Welcome to WebmasterWorld Guest from 54.158.86.243

Forum Moderators: Ocean10000 & incrediBILL & phranque

Blocking the IP of a Bot that is hogging resources

     
2:07 pm on Sep 27, 2016 (gmt 0)

Senior Member

WebmasterWorld Senior Member 10+ Year Member

joined:July 27, 2003
posts: 721
votes: 1


My site has been hit by this fake IP for two months now. I tried blocking the IP, contacted the host but they continue and it appears to be a spoof IP. They consume so much data that it prevents real users from using the site.

It's a bot without any determined name. How can I block it?

It looks like this. 114-103-162-69.static.reverse.example.net

Thank you
2:33 pm on Sept 27, 2016 (gmt 0)

Administrator from US 

WebmasterWorld Administrator not2easy is a WebmasterWorld Top Contributor of All Time 10+ Year Member Top Contributors Of The Month

joined:Dec 27, 2006
posts:3104
votes: 120


Before suggesting something that can't help, a few questions to help get it under control. It is important to look at the raw access logs for your site if possible.
1. What do you see in your logs? Are requests receiving 200 responses, 404 or 403 or something else? If they are already getting a 403 response, they are already blocked but you can't prevent them from trying.
2. What is the UA? If the UserAgent is unique, you can try blocking via UA - but not if they are already seeing 403 responses.
3. What methods have you tried that are not effective?
4. Are you working in .htaccess or httpd.conf?
3:11 pm on Sept 27, 2016 (gmt 0)

Senior Member

WebmasterWorld Senior Member 10+ Year Member

joined:July 27, 2003
posts: 721
votes: 1


I tried htaccess mostly. Now I'm about to try blocking the bot but not sure about how to block a bot with empty strings or random characters.

Do I need to add all possible characters here? How do I indicate empty strings?

RewriteCond %{HTTP_USER_AGENT} ^-?$
RewriteRule ^ - [F]
3:34 pm on Sept 27, 2016 (gmt 0)

Senior Member

WebmasterWorld Senior Member topr8 is a WebmasterWorld Top Contributor of All Time 10+ Year Member Top Contributors Of The Month

joined:Apr 19, 2002
posts:3268
votes: 20


as not2easy is said, what do your logs say?

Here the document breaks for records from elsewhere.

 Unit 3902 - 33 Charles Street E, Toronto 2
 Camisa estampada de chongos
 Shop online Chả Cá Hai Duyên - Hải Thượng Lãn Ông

if the requests are all coming from the same ip, it is irrelevant if it is fake, you just block that ip in htaccess or if you have access to http.conf ... end of story.
(although there isn't a lot of point making a request from a fake IP - so are you sure it is a fake IP?)

what you posted seems to be a hostname, if those numbers are real then it is a chinese static broadband account, i doubt you'll be able to get them to stop.

what does a typical line in your logs say?
it is trivial to block a bot with an empty User Agent or no user agent, however is that what you actually meant by a 'bot with empty strings'?
3:41 pm on Sept 27, 2016 (gmt 0)

Full Member

Top Contributors Of The Month

joined:Apr 11, 2015
posts: 269
votes: 19


I tried blocking the IP...


What did you do (what code did you try) to block the IP?

Now I'm about to try blocking the bot...


What were you doing before (by blocking the IP), if you weren't trying to block the bot?


...How do I indicate empty strings?

RewriteCond %{HTTP_USER_AGENT} ^-?$ 
RewriteRule ^ - [F]


That does block an empty user agent string. I think the -? bit is superfluous though (I think that comes about from a misunderstanding of what people see in their raw access logs?).
4:41 pm on Sept 27, 2016 (gmt 0)

Senior Member

WebmasterWorld Senior Member 10+ Year Member

joined:July 27, 2003
posts: 721
votes: 1


Blocking all of China? I know it's a controversial thing to do...
4:59 pm on Sept 27, 2016 (gmt 0)

Administrator from US 

WebmasterWorld Administrator not2easy is a WebmasterWorld Top Contributor of All Time 10+ Year Member Top Contributors Of The Month

joined:Dec 27, 2006
posts:3104
votes: 120


China has many IP ranges, some of them shared with other countries. It's not one line of code, and it is not static either.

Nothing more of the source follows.